* [Exercise requirements]
Reproduce the listing in full, pictures excluded.

───── Supplied records

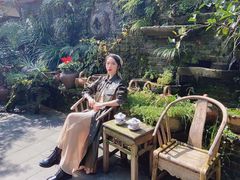 -青城甲(青城山店)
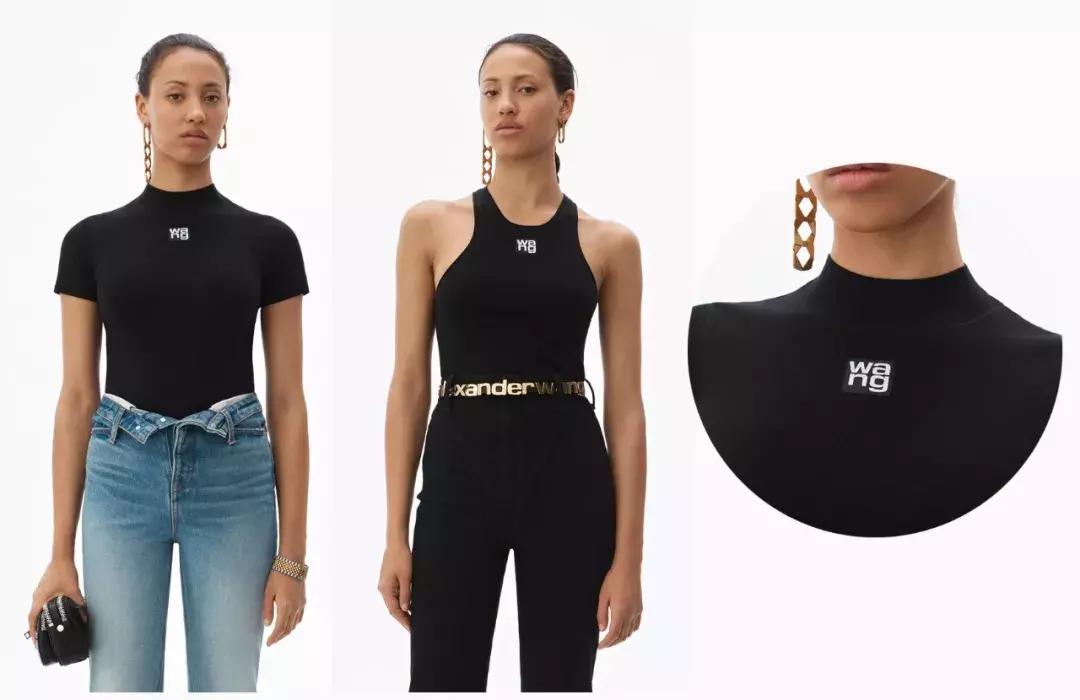 zara伊芙丽,伊芙丽百搭t恤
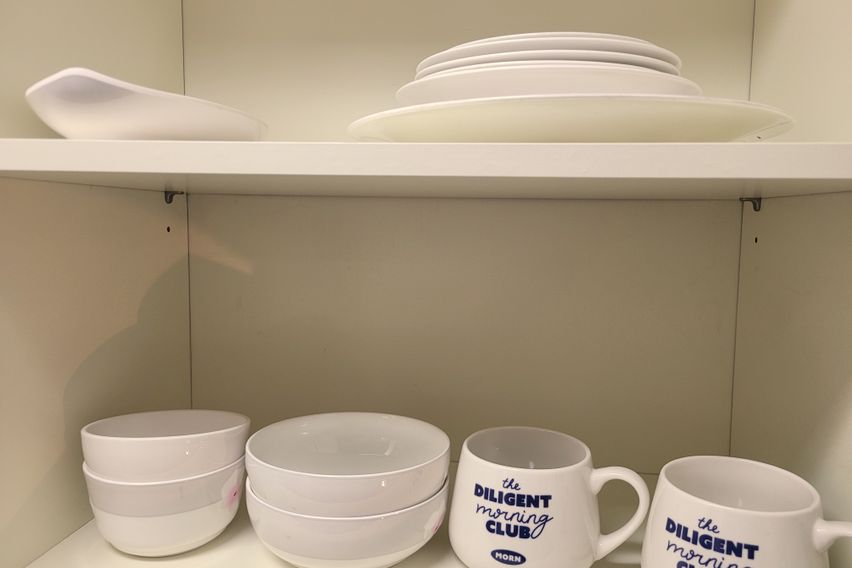 Seolleung Station, fully furnished. NE07 14th image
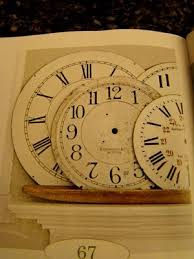 Ohne werbeeinblendungen, mit premium entdecken sie das volle potenzial unserer neuen textprüfung: 39 Ziffernblatter Ideen Decoupage Uhren Uhr Ziffernblatt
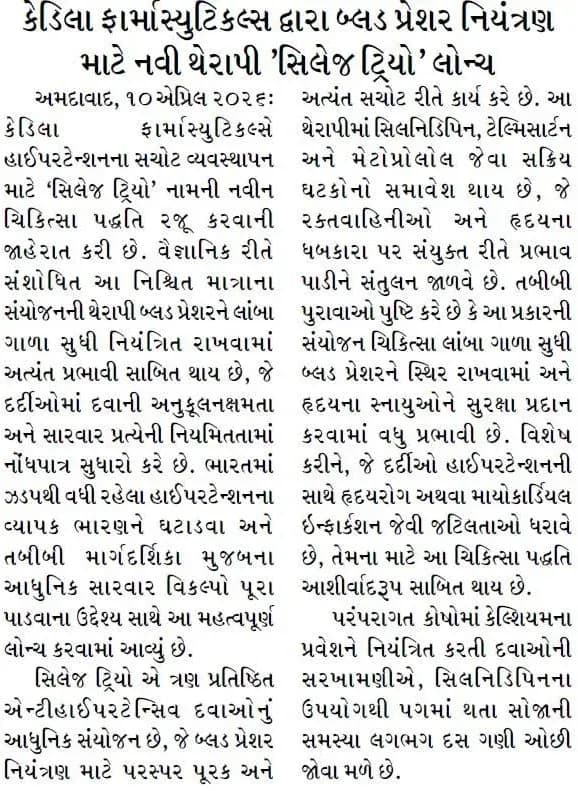 Gujarat Pranam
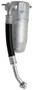 Four Seasons Accumulator w/ Hose for 2002 Chevrolet/GMC (Trailblazer, Trailblazer EXT, Envoy, Envoy XL) 83046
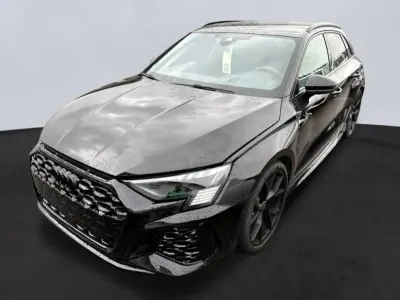 Gebraucht Audi RS3 Sportback
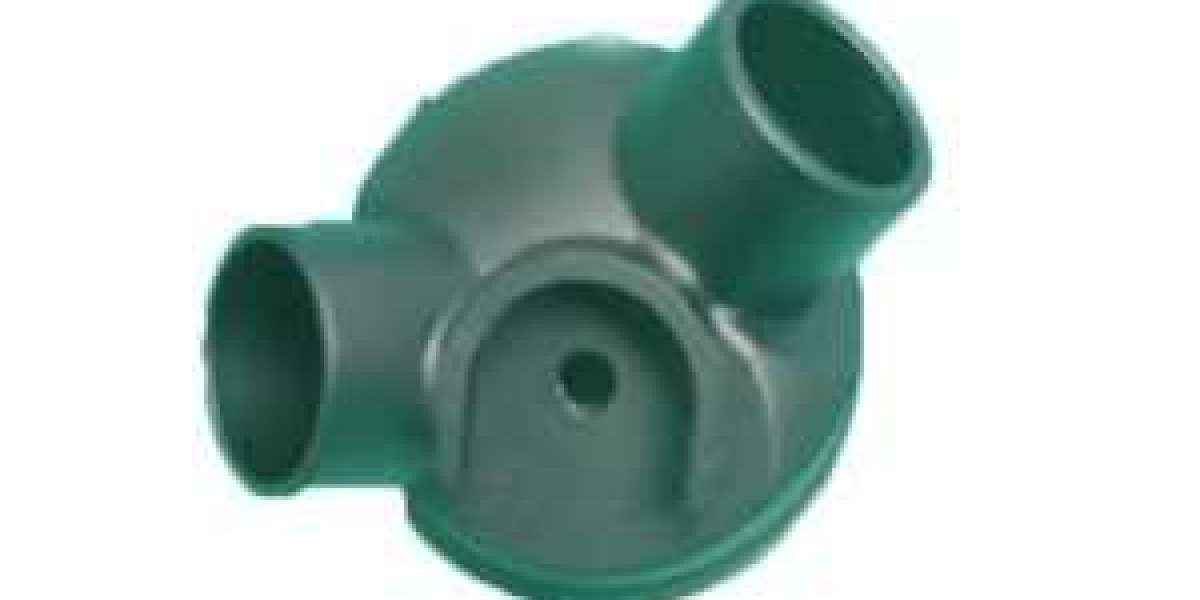 Top Precision CNC Machining
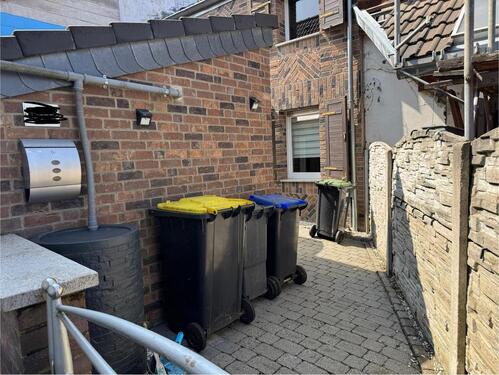 Foto - 3 Zimmer Reihenhaus zum Kaufen in Herzogenrath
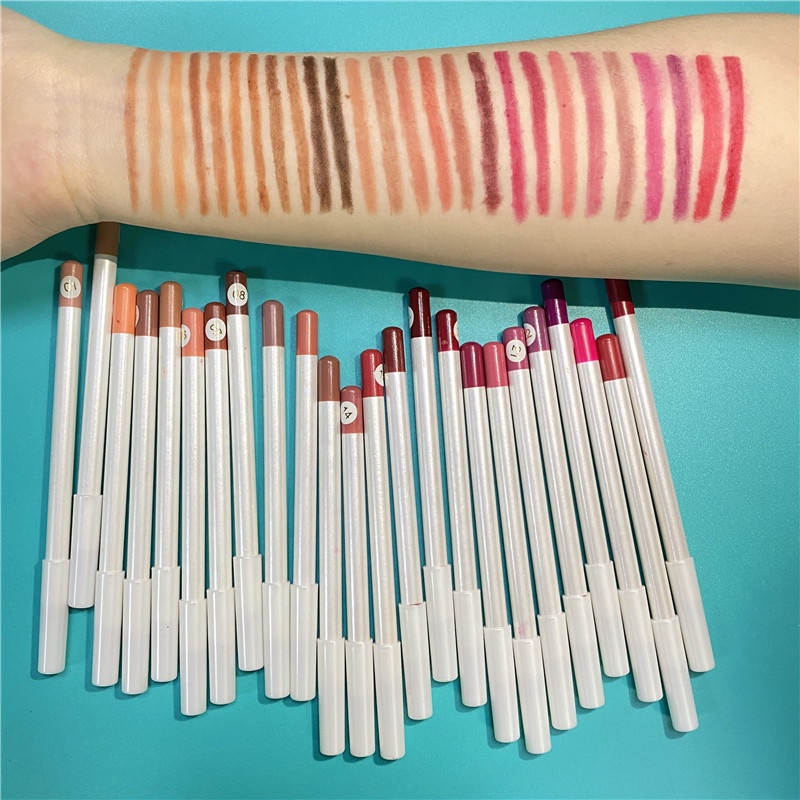 립라이너 펜슬 매트 크림 립라이너 맞춤 로고 메이크업  - Your Beauty Makeup 리뷰 및 가격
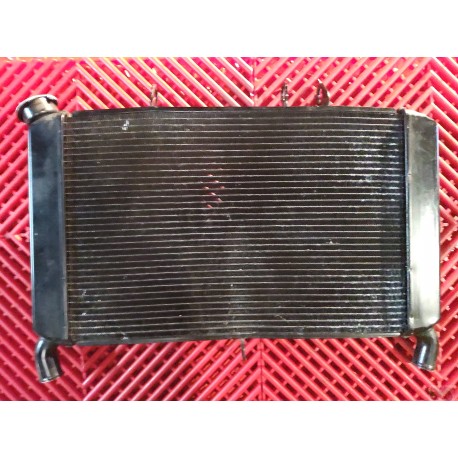 Radiateur pour MT09 TRACER 2018-2020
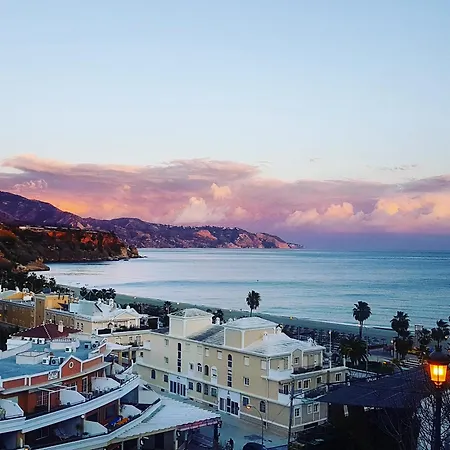Hébergement de vacances Casa Murillo Spainsunrentals Nerja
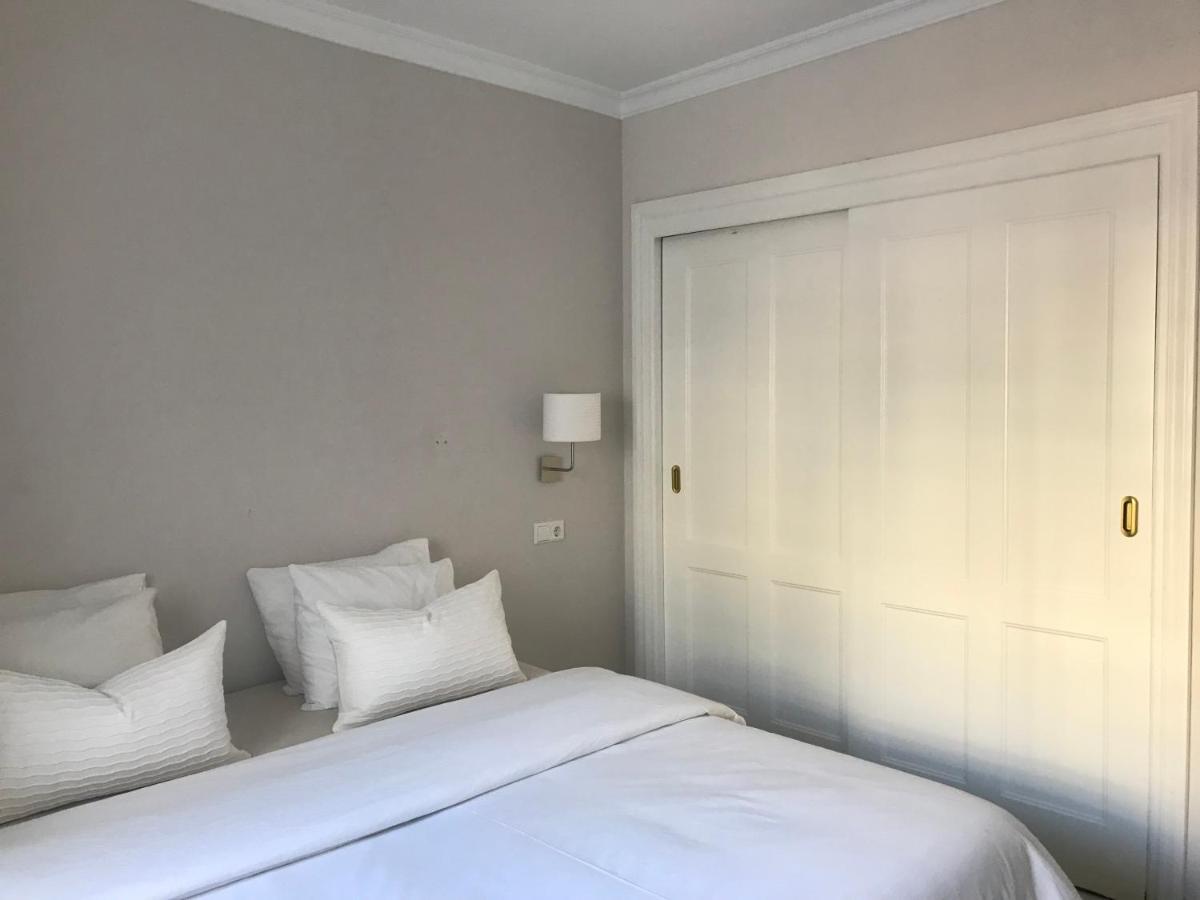 마르베야 Large And Elegant In Puerto Banus With Pools And Paddle 아파트 외부 사진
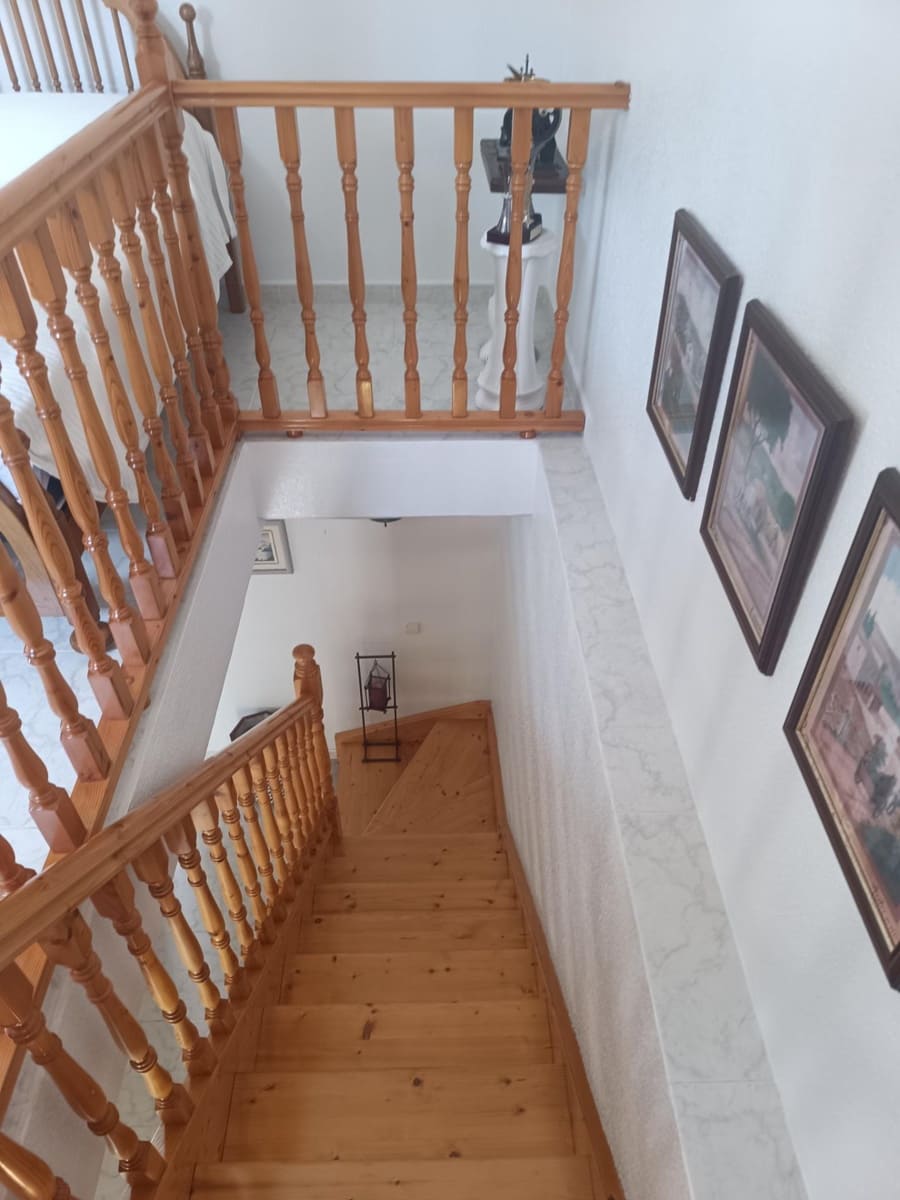 3 soverom Rekkehus til salgs i Los Narejos - € 249 900 (Ref: 9356741)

──────────

* [Result of this task]
 -青城甲(青城山店)
 zara伊芙丽,伊芙丽百搭t恤
 Seolleung Station, fully furnished. NE07 14th image
 Ohne werbeeinblendungen, mit premium entdecken sie das volle potenzial unserer neuen textprüfung: 39 Ziffernblatter Ideen Decoupage Uhren Uhr Ziffernblatt
 Gujarat Pranam
 Four Seasons Accumulator w/ Hose for 2002 Chevrolet/GMC (Trailblazer, Trailblazer EXT, Envoy, Envoy XL) 83046
 Gebraucht Audi RS3 Sportback
 Top Precision CNC Machining
 Foto - 3 Zimmer Reihenhaus zum Kaufen in Herzogenrath
 립라이너 펜슬 매트 크림 립라이너 맞춤 로고 메이크업  - Your Beauty Makeup 리뷰 및 가격
 Radiateur pour MT09 TRACER 2018-2020
Hébergement de vacances Casa Murillo Spainsunrentals Nerja
 마르베야 Large And Elegant In Puerto Banus With Pools And Paddle 아파트 외부 사진
 3 soverom Rekkehus til salgs i Los Narejos - € 249 900 (Ref: 9356741)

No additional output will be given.